Data sent unencrypted over HTTP can be collected by cybercriminals that share the same Wi-Fi network, or by an ISP or even by malware installed on a target’s home router, researchers said.
Not only can unprotected data be collected, but it can also be intercepted by a cybercriminal who can modify it to show malicious ads, enticing users to download a trojan application, which turn out to be malware, according to Unuchek.
Kaspersky said the origin of the problem can be traced back to the use of predefined and reused SDKs tied to popular advertising networks and used by app developers to save time. An analysis of these predefined SDKs by Kaspersky show many are flawed because they send unprotected user-profile data between the app and the advertisers’ servers. Compounding the problem, the SDK code has been used in millions of apps by developers.
“We searched for the two most popular HTTP requests – GET and POST. In GET requests user data is usually part of the URL parameters, while in POST requests user data is in the Content field of the request, not the URL. In our research, we looked for apps transmitting unencrypted user data using at least one of these requests, though many were exposing user data in both requests,” Unuchek wrote in a research report released Tuesday.
He said 4 million APKs examined exposed some data to the internet. “Some of them were doing it because their developers had made a mistake, but most of the popular apps were exposing user data because of third-party SDKs,” he said.
Researchers did not identify the advertisers or apps behind the SDKs, only stating several millions of apps using popular advertising networks’ SDKs are impacted.

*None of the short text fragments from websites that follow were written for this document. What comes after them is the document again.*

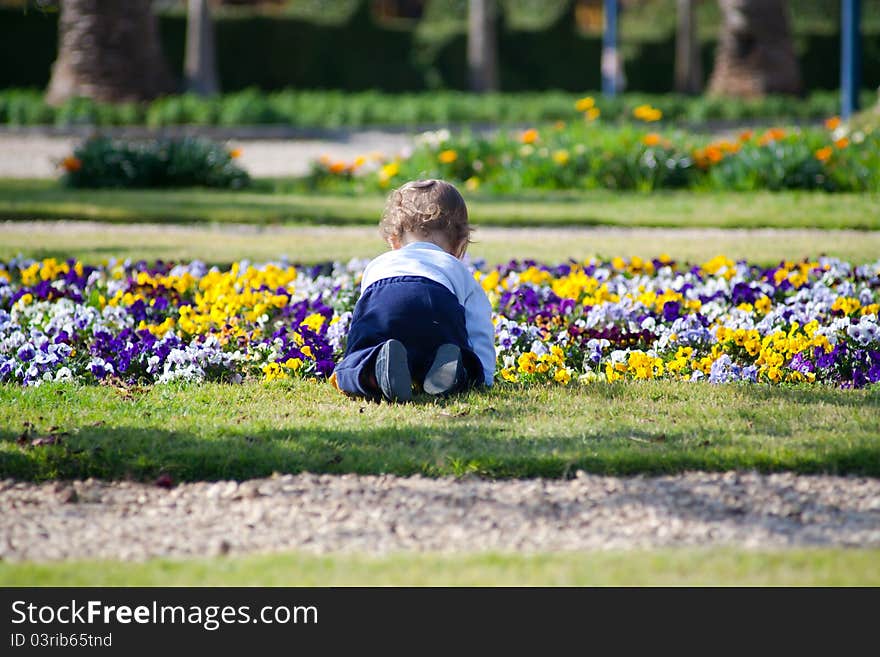 Little boy playing in the park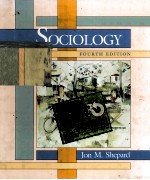 Sociolo<em>g</em>y Fourth Edition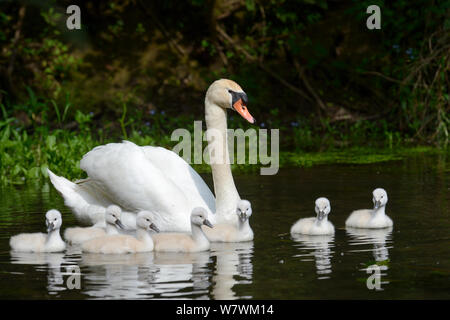 Höckerschwan (Cygnus olor) weibliche Schwimmen mit Cygnets weniger als eine Woche alt, Offendorf Forest Reserve, Rhein, Elsass, Frankreich, Mai. Stockfoto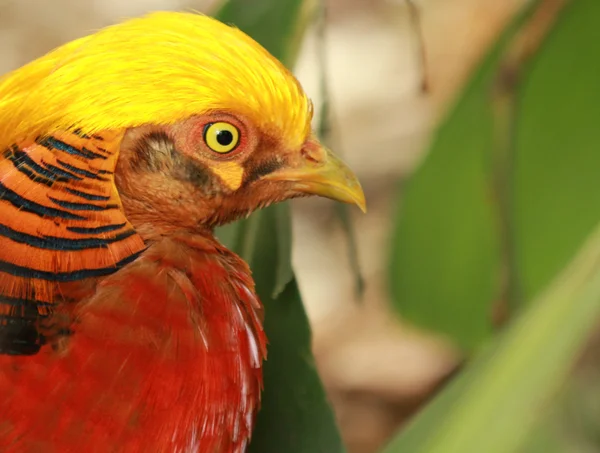 stock image Bird with Yellow head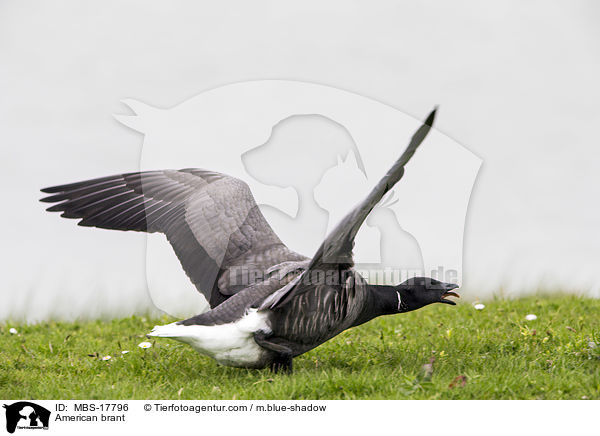 Ringelgans / American brant / MBS-17796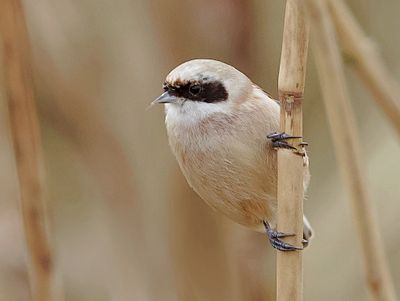Buidelmees (Eurasian Penduline Tit)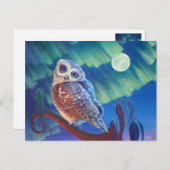 Carte Postale Aurora Owl (Devant / Derrière)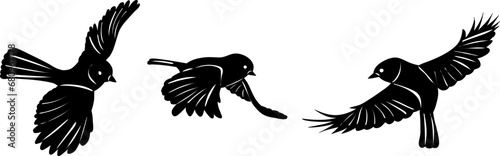 silhouette of a tit flying on a white background vector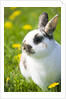 Dwarf Rabbit in Grass by Anonymous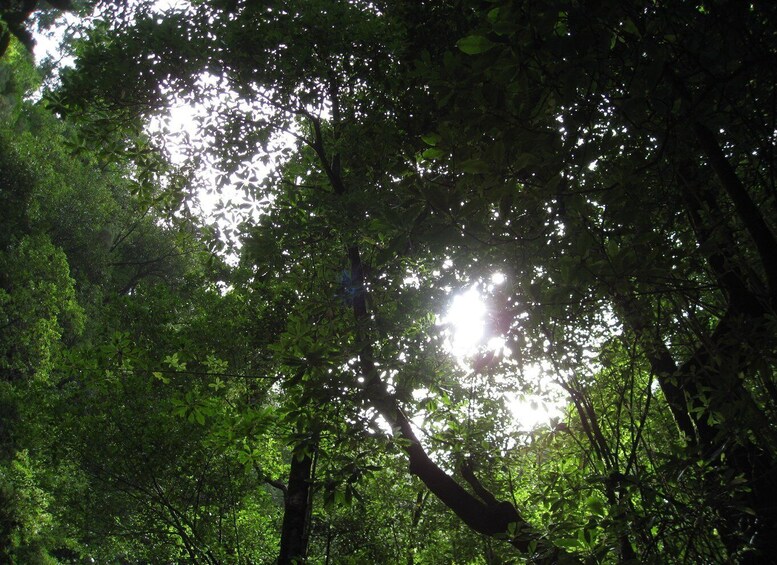 Picture 5 for Activity Hidden Corners, The Kings Levada Full day hike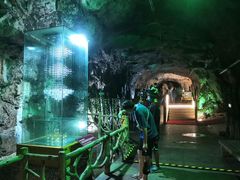 -青岛葡萄酒博物馆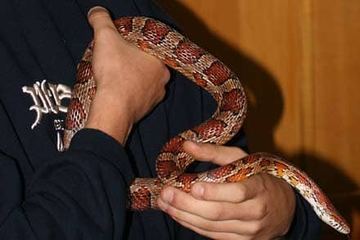 Dla miłośników gadów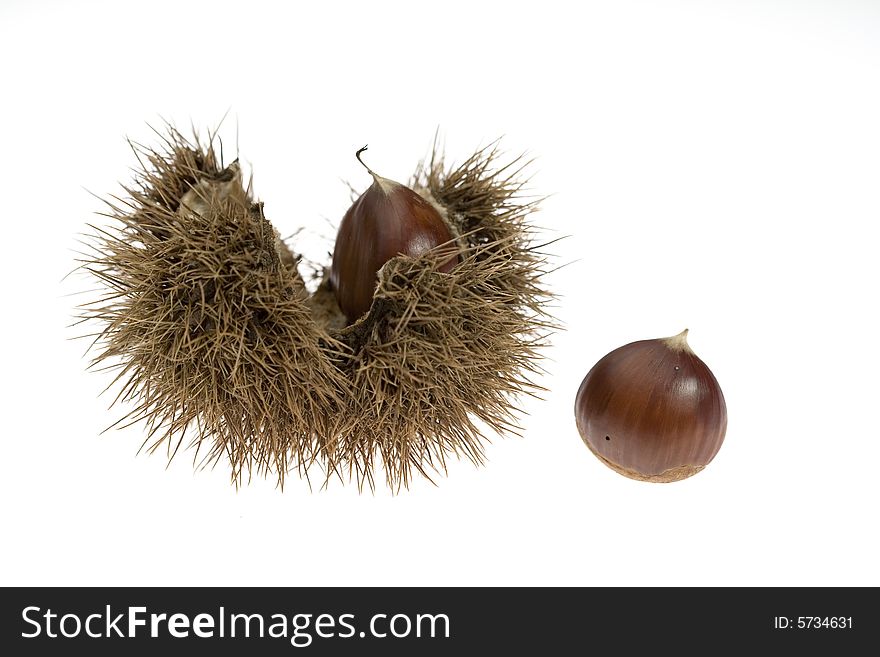 Chestnuts still in their husk with leaves. Chestnuts still in their husk with leaves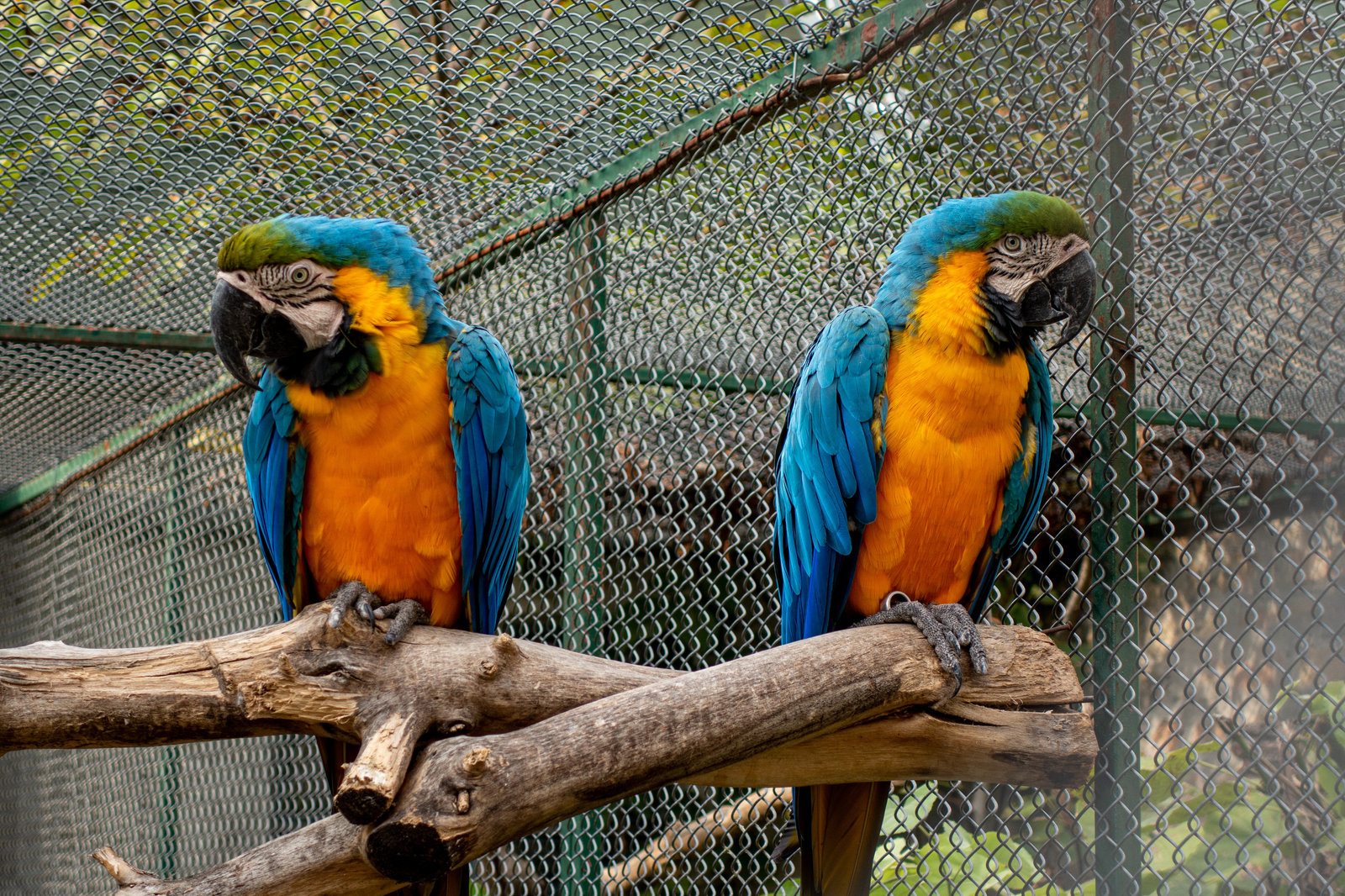 Blue yellow and green parrot on brown tree branch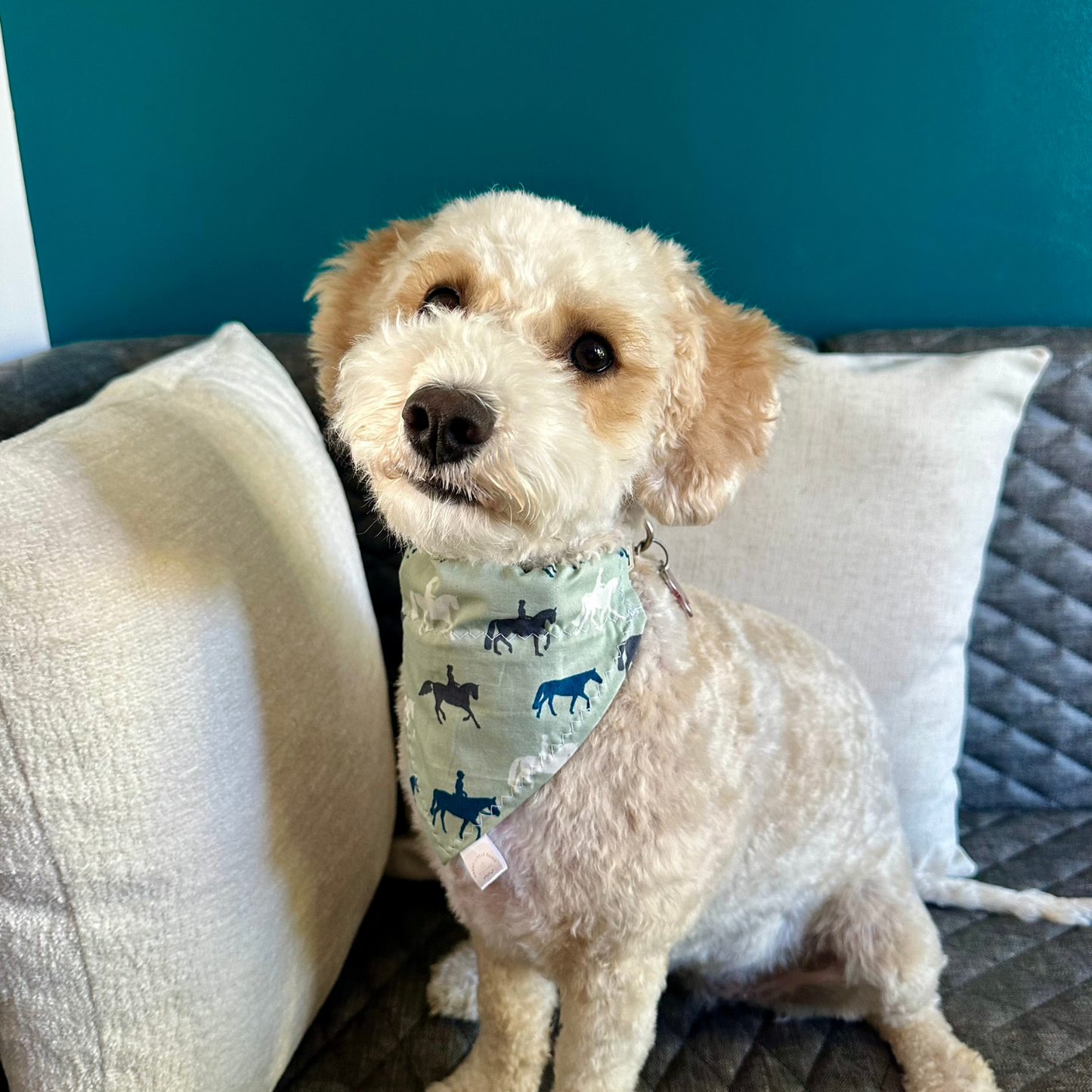 Horse Print Dog Bandana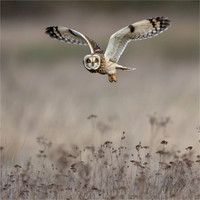 David Zinzan_Short Eared Owl in flight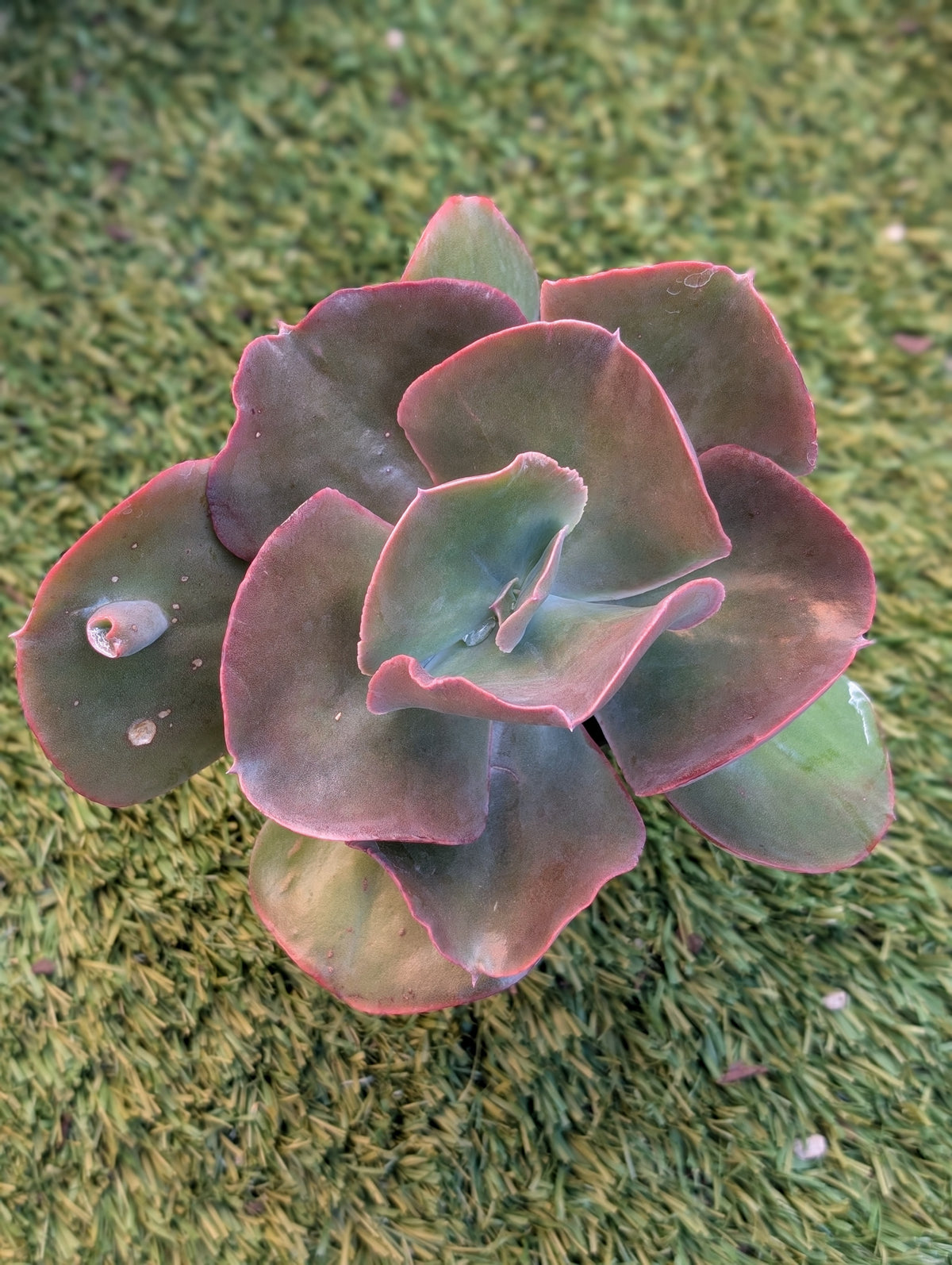 Echeveria Mary Ethel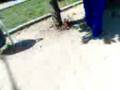 videos de TeamxJuegosenelcondominiomassegurodelmundoalladodelacasadelEdson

In one example of data leakage, researchers intercepted an unencrypted JSON file being sent from an advertiser’s server. “In this JSON file we found lots of user data, including device information, date of birth, user name and GPS coordinates,” Unuchek wrote.
More alarming yet, researchers said some malicious app developers also transmit data insecurely. “In the case of malware it is even worse because it can steal more sensitive data like SMSs, call history, contacts, etc. Malicious apps not only steal user data but expose it to the internet making it available for others to exploit and sell,” Unuchek wrote.
He advises users to scrutinize app permissions when installing apps. The more permissions requested, the great potential of data sent insecurely to advertisers. He also recommends using VPN.